What needs to be done: Word for word, repeat the data; no picture should appear in the result.

Exercise data:
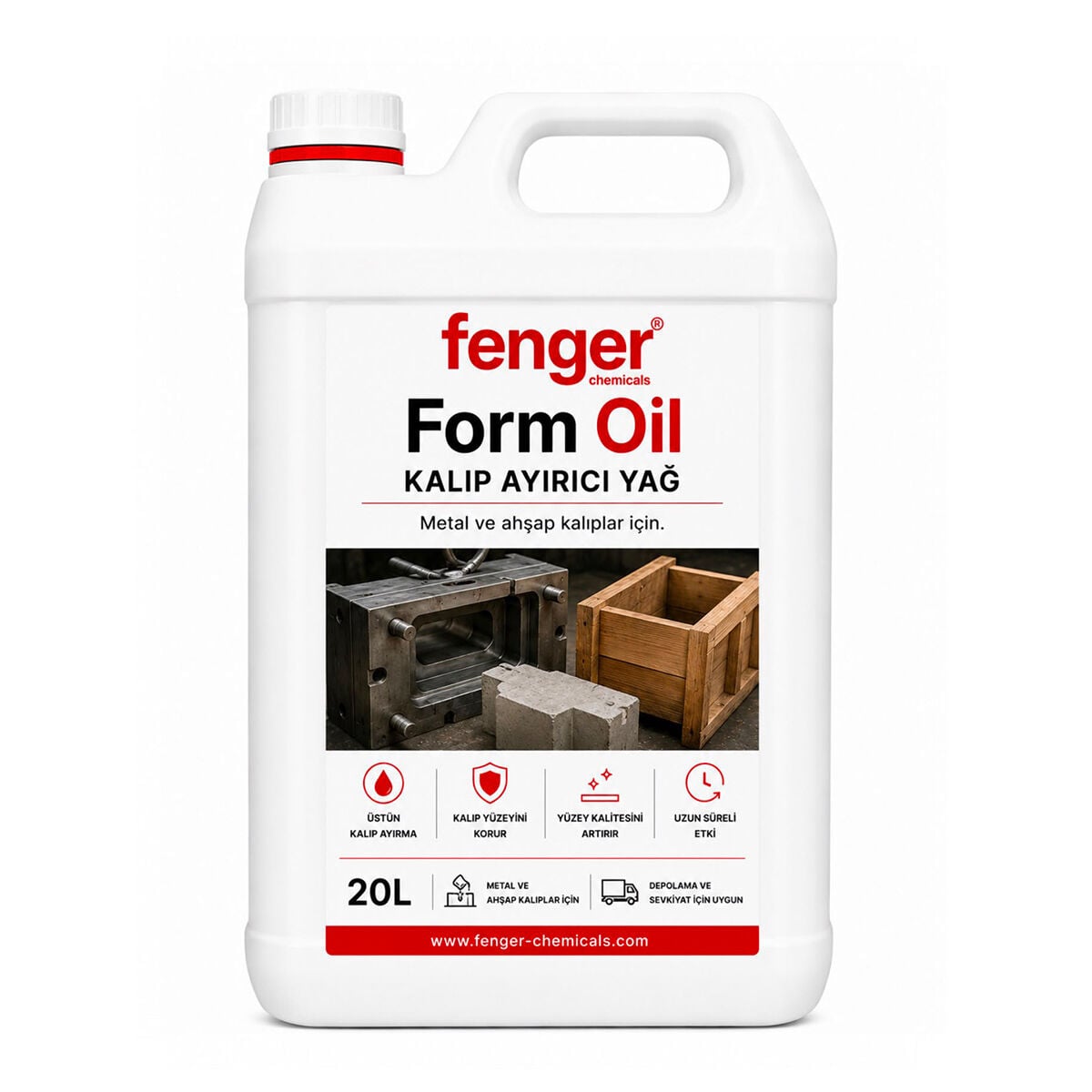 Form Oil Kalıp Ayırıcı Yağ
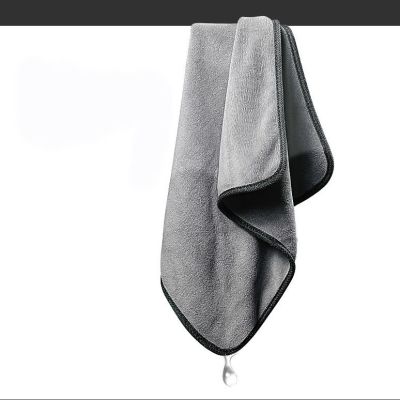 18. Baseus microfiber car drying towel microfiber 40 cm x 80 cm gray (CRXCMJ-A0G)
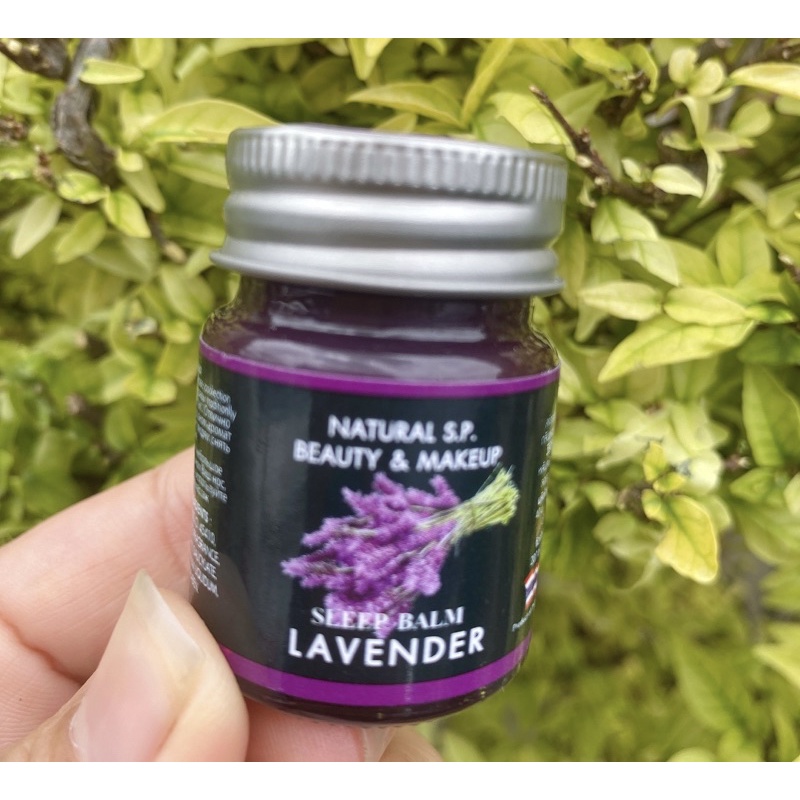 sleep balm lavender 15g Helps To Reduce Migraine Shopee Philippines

Task solution:
 Form Oil Kalıp Ayırıcı Yağ
 18. Baseus microfiber car drying towel microfiber 40 cm x 80 cm gray (CRXCMJ-A0G)
 sleep balm lavender 15g Helps To Reduce Migraine Shopee Philippines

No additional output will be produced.